Many experts believe growth is also driven in part by the fact few Africans own computers or can access the internet. So mobile phones are applied to tasks such as health research, cash transfer, weather forecasting, commodity price monitoring and others. Often users themselves conceive such adaptation of the intended functions to meet everyday needs.
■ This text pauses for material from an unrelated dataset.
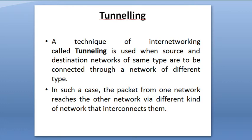Tunneling is a topic of computer networking. What is this technique of internetworking called Tunneling? It is used when source and destination networks of the same type are to be connected through a network of different types.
Safaricom, Kenya's biggest telecoms company, is one of the firms cashing in on Africa's mobile telecoms boom. Incorporated in 1997, it had only 20,000 subscribers when its chief executive Michael Joseph arrived in 2000. By Nov 2010 when Joseph left the company, its subscribers base grew to 20 million in a country of 40 million. Its peers are now Pan-African giants such as Orascom and MTN. Its 2008 initial public offering became the biggest flotation on an East African stock market, and surpassing it may take some doing. It posted $262 million in profits at the end of its financial year in March 2010, attracting investors into the Kenyan economy.
Econet Wireless is another company that cashed in on the remarkable growth of the mobile telecoms industry in Africa. Founded by Strive Masiyiwa, it began operations as a cell phone provider in 1998 in Zimbabwe. It soon expanded its operations into Botswana by establishing Mascom Wireless, which is one of the spectacular success stories of the African telecoms sector and currently enjoys a market share of over 70%. Econet Wireless then put together a consortium that later dominated MTN in the Nigerian market before winding up its operation. Econet Wireless has expanded into such countries as Lesotho, the United Kingdom, Kenya, Burundi, New Zealand and several other countries.
As a result of all this, Africa's mobile telecoms growth story cannot be easily overlooked. The continent's telecoms revenue increased at a compound annual growth rate of 40% in the last few years, achieving the highest profit margin in the industry worldwide. Swedish-based world's leading supplier in telecommunication, Ericsson, benefited with sales soaring up to 400 million Euro this year alone, its highest ever sales. With recovery in Western economies still looking fragile, Africa continues to be the destination of choice for firms seeking expansion and growth, as countries such as China, India, Japan make forays. Telecommunication firms signed up more than 400 million subscribers since 2000 - more than the total United States population. For example, Nigeria added over 22 million mobile subscribers in 2008. Though the level of penetration in Africa went up from 0.8% in 1998 to 33% in 2008, ample room exists for more foreign direct investment.
While many experts believe Africa, with its expansive base of consumers, may very well be on the verge of becoming the next India and China in the telecoms industry, challenges remain. Alison Gillward, Director, Research ICT Agency (RIA) said: "The extension of networks and services in recent years have been 'sub optimal'" Other problems include inadequate governance arrangement, corruption, absence of institutional capacity and some regulatory incompetence. To be sure, there remains serious problems and risks to growth to any individual country, but if recent trends continue, Africa will play an increasingly important role in the telecoms industry. Like China, India and Brazil, countries getting all the headlines for their prowess in the telecoms sector, Africa has the potential for more growth in an industry that aims to bring the continent's widely dispersed people in closer contact with one another.